Of course, Annabel Goldie said yes. What was the forthcoming election? It was the one that we had last year. What happened in the election? The Scottish National Party got 20 per cent of the vote, and the parties who supported the Scotland Bill got nearly 80 per cent of the vote. Therefore, we have passed the Salmond test with flying colours, and let us hear no more of that kind of nonsense.

I want to highlight three criticisms of the financial provisions of the bill and the refutation of them in the report, which is based on the evidence that we gathered. First, let us consider the alleged £8 billion deficit that was held up as demonstrating a so-called inherent deflationary bias in the income tax proposals. It was rightly described by the Secretary of State for Scotland as a nonsense figure based on a set of assumptions that were explicitly ruled out in the white paper.

Interestingly, when we look forward—it is the future with which we are concerned—an analysis prepared independently by the Scottish Parliament information centre’s own researchers for the committee demonstrated that if the Scottish Government model was started in 2011-12 and extended over the four-year period of the spending review, under the bill’s proposals we would be nearly £2 billion better off. That is an independent assessment using the Scottish Government’s own methodology. The claim that there is an inherent bias or flaw is complete nonsense.

Neither is there an inherent inflationary bias. The overall objective is to equate the level of grant reduction with an accurate estimate of income tax receipts in year 1, so that we have a position of neutrality and a level playing field on which to move forward. That is why we have to get the grant reduction sums right at the outset and why we set out in the report the principles on which they should be calculated.

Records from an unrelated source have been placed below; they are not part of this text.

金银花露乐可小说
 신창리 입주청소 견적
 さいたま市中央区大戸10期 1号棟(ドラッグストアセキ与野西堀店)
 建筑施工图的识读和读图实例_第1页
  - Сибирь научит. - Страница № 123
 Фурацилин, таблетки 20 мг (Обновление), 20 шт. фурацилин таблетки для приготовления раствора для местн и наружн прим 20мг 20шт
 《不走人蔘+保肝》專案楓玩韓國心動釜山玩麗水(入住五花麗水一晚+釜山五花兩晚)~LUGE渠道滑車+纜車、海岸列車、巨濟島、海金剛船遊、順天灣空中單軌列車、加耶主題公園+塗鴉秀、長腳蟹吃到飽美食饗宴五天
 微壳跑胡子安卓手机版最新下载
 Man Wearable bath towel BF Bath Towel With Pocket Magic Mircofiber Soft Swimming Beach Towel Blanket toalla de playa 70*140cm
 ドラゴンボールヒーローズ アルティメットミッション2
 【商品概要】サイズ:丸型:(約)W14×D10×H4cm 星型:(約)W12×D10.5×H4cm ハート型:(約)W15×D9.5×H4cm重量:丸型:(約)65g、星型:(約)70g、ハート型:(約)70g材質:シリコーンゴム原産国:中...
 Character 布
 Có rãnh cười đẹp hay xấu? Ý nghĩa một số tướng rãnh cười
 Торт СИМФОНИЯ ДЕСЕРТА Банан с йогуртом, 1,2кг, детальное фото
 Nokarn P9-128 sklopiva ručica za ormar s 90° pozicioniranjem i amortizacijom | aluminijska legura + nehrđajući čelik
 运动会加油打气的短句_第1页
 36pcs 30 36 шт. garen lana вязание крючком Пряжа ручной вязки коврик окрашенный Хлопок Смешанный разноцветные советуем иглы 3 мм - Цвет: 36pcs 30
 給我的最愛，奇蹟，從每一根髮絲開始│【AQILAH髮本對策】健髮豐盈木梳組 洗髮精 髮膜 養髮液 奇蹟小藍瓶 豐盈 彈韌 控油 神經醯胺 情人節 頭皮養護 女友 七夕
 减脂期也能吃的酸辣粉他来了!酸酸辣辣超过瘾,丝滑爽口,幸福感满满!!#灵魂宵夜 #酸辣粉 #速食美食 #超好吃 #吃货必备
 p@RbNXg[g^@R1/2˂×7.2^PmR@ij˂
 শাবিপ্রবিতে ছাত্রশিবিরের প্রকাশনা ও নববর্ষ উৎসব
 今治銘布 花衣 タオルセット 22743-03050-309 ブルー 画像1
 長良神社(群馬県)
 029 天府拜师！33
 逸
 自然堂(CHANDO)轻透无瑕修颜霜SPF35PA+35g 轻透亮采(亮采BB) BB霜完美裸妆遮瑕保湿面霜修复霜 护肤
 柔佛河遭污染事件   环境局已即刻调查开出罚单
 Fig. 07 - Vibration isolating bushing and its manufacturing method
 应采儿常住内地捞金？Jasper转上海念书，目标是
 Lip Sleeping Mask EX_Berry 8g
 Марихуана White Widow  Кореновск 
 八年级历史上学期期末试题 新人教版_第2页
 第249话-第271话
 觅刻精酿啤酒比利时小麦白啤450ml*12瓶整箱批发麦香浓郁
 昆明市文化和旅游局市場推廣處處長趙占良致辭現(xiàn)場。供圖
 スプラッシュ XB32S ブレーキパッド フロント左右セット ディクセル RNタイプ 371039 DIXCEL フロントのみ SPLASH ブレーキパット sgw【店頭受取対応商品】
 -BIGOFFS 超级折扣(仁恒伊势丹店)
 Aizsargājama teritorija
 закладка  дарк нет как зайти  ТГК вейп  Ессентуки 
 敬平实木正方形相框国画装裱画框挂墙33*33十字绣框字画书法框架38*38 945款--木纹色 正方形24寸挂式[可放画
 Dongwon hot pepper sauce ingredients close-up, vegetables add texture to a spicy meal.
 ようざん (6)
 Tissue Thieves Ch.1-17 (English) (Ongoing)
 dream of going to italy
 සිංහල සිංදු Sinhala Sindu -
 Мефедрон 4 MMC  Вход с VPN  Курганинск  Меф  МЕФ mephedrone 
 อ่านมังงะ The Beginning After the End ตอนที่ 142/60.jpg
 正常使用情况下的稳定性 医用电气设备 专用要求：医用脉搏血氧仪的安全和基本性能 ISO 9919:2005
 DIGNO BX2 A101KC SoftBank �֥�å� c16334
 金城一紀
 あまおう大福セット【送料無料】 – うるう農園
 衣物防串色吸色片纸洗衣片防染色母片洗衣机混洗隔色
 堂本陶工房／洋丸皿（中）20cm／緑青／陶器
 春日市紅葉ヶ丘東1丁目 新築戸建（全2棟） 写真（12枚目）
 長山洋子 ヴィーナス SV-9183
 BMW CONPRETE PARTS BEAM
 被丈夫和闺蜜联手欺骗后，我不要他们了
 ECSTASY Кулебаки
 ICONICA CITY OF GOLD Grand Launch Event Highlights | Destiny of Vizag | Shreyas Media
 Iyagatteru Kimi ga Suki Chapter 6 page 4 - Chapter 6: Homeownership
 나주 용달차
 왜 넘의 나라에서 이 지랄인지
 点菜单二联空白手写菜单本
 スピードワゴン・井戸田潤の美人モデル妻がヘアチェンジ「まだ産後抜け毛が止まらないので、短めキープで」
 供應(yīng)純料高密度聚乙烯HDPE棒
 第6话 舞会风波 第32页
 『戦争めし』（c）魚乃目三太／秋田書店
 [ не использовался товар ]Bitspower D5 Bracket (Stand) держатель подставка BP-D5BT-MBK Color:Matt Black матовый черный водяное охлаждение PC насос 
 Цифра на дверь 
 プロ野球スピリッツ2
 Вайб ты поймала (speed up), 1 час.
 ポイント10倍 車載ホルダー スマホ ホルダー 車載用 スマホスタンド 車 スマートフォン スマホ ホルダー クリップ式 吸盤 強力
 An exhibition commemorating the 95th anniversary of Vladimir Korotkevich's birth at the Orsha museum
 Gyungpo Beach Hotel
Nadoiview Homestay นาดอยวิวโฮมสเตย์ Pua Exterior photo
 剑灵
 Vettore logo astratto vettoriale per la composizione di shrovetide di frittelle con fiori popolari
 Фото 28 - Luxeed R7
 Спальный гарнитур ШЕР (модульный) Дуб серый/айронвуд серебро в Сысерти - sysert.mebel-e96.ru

We also had the claim that there is a direct connection between the devolution of tax powers and economic growth. At its most absurd, it was claimed by the First Minister in a speech to the SNP conference—where else?—that

“with economic powers we could grow the Scottish economy by an extra 1 per cent a year”.

One would have to make such a statement at an SNP conference, because they are the only people stupid enough to believe it.

Be that as it may, the poor professors who were cited for that absurd proposition came in for further misrepresentation in official Government publications about the linkage. Interestingly, if we carefully read the evidence submitted to the committee, we see that there has been a significant shift in the position of the SNP Government and its pin-up-boy economists. Economic growth is now referred to as economic performance, and sustained annual increases in GDP have now become one-offs. Finally, we had an acknowledgement from the Cabinet Secretary for Finance and Sustainable Growth that

“a large measure of it depends on what you do and what policies you take forward”.—[Official Report, Scotland Bill Committee, 8 February 2011; c 440.]

How true—that was self-evident from the start, but it is a long way from the blustering assertions of Mr Salmond.